There are certain residential roads drivers aren’t allowed to turn on during rush hour in Fairfax County. The goal is to mitigate traffic during morning and evening commute times.

However, now there is a new proposal that would allow an exception to the rule so the people who live on those streets can make that turn. Some neighbors like John Waters told FOX 5 either way doesn’t make a big difference.

"I’ll be honest with you, occasionally I’ve forgotten when I’m coming up here in the morning and I’m like I’m gonna go ahead and turn anyway. We don’t like people to cut through, but I guess honestly we’re part of the problem," said Waters. 
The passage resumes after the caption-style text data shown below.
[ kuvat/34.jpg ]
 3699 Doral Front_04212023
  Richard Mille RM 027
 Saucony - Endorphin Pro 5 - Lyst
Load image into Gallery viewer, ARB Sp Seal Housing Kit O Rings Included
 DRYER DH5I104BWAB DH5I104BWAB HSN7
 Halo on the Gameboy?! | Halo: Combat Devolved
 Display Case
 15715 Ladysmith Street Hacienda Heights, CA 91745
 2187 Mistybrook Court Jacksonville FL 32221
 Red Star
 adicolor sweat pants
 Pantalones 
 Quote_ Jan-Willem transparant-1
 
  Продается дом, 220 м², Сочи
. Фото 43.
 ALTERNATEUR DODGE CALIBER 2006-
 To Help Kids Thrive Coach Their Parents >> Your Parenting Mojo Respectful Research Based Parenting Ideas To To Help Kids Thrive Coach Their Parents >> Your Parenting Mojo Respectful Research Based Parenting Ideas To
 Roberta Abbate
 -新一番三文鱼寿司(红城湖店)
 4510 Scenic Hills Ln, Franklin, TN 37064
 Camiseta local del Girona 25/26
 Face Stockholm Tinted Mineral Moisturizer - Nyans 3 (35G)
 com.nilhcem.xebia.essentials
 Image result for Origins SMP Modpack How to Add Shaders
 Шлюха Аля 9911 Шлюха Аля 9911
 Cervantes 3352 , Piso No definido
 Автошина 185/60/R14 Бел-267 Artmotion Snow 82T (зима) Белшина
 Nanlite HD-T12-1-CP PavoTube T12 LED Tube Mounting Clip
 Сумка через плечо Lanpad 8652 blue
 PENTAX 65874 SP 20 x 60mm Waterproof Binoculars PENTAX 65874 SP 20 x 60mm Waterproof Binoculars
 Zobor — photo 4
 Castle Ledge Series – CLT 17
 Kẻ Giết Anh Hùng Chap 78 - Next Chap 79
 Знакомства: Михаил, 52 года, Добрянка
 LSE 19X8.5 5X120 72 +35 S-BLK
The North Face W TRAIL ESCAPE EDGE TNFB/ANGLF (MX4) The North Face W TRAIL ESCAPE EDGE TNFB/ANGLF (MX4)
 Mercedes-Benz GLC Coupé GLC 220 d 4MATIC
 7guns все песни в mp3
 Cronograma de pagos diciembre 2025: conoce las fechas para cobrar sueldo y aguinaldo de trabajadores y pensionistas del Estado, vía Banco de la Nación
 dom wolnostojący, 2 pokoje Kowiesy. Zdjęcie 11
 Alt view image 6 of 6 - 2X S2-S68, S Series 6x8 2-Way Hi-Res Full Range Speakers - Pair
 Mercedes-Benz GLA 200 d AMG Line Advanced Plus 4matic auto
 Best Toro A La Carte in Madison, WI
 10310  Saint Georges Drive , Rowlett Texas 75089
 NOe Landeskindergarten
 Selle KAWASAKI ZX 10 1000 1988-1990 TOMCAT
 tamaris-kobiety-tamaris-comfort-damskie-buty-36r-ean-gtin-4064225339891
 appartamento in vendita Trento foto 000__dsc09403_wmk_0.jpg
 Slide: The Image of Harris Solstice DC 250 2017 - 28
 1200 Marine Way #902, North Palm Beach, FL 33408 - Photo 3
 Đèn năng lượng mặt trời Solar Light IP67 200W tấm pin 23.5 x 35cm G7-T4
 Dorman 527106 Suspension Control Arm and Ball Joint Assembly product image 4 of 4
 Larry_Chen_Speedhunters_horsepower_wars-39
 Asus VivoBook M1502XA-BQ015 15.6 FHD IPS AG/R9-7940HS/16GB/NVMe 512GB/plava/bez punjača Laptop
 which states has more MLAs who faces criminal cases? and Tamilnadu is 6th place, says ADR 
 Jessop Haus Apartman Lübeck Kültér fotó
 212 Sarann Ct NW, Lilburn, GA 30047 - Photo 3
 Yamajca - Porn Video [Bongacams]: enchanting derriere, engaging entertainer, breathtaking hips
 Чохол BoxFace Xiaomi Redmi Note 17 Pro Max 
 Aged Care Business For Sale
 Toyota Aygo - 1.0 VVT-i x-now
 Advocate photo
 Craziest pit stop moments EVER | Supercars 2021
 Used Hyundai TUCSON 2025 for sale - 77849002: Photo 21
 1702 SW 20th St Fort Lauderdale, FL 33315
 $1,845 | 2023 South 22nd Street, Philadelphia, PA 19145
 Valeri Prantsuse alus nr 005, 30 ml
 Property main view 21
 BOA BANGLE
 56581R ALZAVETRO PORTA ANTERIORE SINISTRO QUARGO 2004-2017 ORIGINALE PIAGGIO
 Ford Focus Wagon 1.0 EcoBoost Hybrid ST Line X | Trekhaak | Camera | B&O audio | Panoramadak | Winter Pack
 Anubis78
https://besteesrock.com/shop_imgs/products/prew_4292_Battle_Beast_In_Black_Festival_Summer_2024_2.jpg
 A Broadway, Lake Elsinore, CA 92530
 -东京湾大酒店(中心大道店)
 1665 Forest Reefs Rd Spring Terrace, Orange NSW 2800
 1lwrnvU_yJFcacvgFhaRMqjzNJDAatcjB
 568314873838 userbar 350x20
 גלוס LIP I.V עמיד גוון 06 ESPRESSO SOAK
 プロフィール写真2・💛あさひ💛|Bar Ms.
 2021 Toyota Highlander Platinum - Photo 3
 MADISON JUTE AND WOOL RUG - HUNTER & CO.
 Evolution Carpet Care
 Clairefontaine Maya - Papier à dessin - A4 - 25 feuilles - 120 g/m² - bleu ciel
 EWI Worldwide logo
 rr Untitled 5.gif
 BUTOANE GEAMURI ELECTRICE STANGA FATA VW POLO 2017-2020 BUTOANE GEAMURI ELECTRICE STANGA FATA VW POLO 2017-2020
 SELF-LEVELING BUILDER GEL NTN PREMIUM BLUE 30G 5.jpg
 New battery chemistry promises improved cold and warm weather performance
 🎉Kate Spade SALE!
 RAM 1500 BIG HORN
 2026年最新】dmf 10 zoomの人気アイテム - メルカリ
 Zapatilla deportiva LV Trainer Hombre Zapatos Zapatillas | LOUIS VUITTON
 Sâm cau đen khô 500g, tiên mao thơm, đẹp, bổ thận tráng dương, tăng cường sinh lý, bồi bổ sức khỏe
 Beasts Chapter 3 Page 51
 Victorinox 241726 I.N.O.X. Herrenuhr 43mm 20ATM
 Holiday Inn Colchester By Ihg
Right now, there are three neighborhoods total in Fairfax County where drivers are not allowed to cut-through during peak hours including:

  • Carolyn Drive and Nicholson Street in Falls Church
  • Oxford street and Downing Street in Annandale
  • Thomas Avenue in Dranesville                                          

In those areas, signs prohibit drivers from making right or left turns off certain major thoroughfares onto those residential streets during rush hour.

There are five other cut-through mitigation projects being considered:

  • Dead Run Drive and Carper Street in McLean
  • Thomas Avenue in Great Falls
  • Electric Avenue/Williams Avenue/Overlook Street in Tysons/Vienna
  • Allen Avenue in Falls Church
  • Hidden Meadow Drive in Chantilly

The Board of Supervisors Transportation Committee is considering allowing residents who live in those neighborhoods to apply for a permit so they can drive through any time during the day without restrictions.

The Fairfax County Department of Transportation said they would most likely give residents a sticker to put on the window of their car to help identify that they’re allowed in. Also, this would also require police enforcement.

Residents FOX 5 spoke with say this makes sense because it can be frustrating not having a direct route home.

"It sucks a little bit because I want to turn on my street cause the street is right there and my house is like two houses down from where the street ends," said Abbigale Sisk, Fairfax County Resident.

This new idea will be reviewed and discussed at the Fairfax County Government Building on Tuesday, January 31st at 11 am.